Tuesday, April 27, 2010

More talk of journalism

I just want to write. Ideally, I want to write in a way that yields money so that I can continue to write instead of doing things like mixing hiballs or pulling shots of espresso. School has ended and instead of putting my nose to a grindstone (AKA MacBook screen) searching for jobs, I’ve sort of just been reveling in this newfound existence of mine.

Zoey's first freelance checque
This is the envelope that my first freelance checque came in. I will remember it always, for its crumples and tears.

I’ve now conquered four years of post-secondary. Much of that schooling took place while I had two jobs. Now, I’m unemployed and out of school for the first time since getting my first real-ish job at the Saddledome when I was 15.

Wednesday, April 7, 2010

A discovery: In which I tweet in square brackets instead of on Twitter

I’ve been inhabiting an otherwise empty house for the past week and I think it’s had an effect on my tweeting habits. I stated officially (in an officious class presentation about Twitter) [I just learned the word officious.] that you shouldn’t be afraid to Tweet, because people following you are doing so because they enjoy what you have to say. [I abhor telemarketers who don’t leave messages. I would call back if they left messages.] Even so, I feel uncomfortable clogging up my channel with the fairly mundane narration of my life.

But having nobody to speak to while I am sitting at home lamenting my workload, or, conversely, while I am sitting at home feeling particularly inspired, has resulted in more tweeting. [Almost time to break out yesterday’s enchilada’s, methinks.] I’m a bit addicted to Twitter, I guess. It’s been dubbed micro-blogging, and I think that’s accurate. There’s still a chance to [why are there no synonyms for the verb version of craft?] articulate yourself intelligently, but you’re not as pressured to produce something substantial.
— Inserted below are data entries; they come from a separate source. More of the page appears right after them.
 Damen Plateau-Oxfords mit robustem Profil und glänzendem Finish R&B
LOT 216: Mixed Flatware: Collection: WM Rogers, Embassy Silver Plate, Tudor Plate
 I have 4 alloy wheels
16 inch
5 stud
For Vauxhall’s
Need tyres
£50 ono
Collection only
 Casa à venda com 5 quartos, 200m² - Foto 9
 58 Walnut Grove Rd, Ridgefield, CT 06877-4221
Maybe that’s the problem with me and Vegediblogging lately. I feel so much pressure to produce something that fits the criteria of my three blogging communities or even just something that I've made out of the blue, that I just put it off, put it off, put if off. In fact, I even made onion jelly for last month’s can jam, but still haven’t posted it.
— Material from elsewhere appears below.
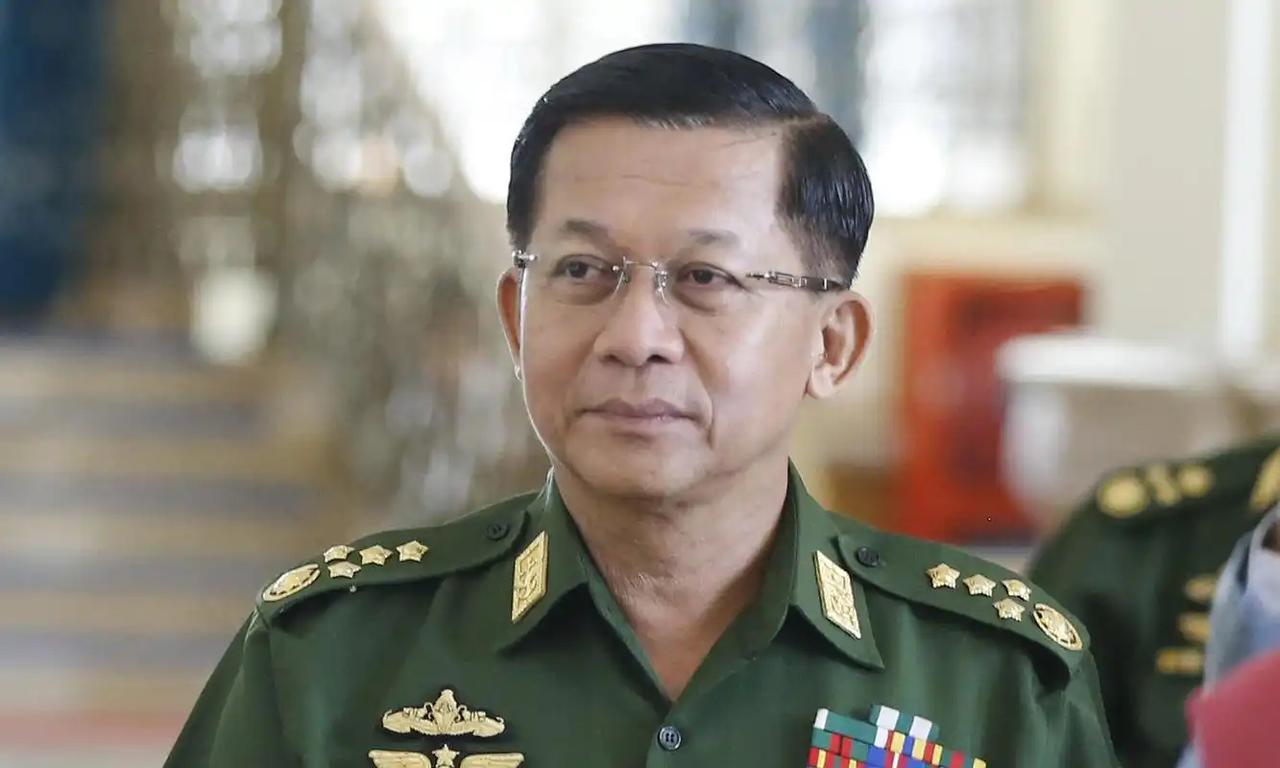 不懂就问，敏昂莱没有直接下令处决四大家族16人，所有重判结果均由中国法院裁定，中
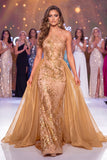 Vestido largo de certamen con cuello halter dorado y brillante con faja de sirena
This didn’t start out as a post to relinquish me from my posting duties. But I think this quasi-stream of consciousness has led me to the point where I needed to come. I’m a word addict and I do love blogging, but I have to find a way to make it work for me.

Let’s try this: I’ll start blogging things other than recipes (but recipes too!) that reflect me a little bit more. Things like my burgeoning pipe dream [gosh, pipe dream sounds a lot like pipe bomb. Wondering about the etymology of the phrase] to sell mustard at the farmer’s market across the street, or links to other food and journalism blogs that entice my taste cells and brain buds.

Yes, let’s try that.

(PS: I was totally going to post photos but Photoshop keeps freezing when I do simple things like press file + open. Sad.)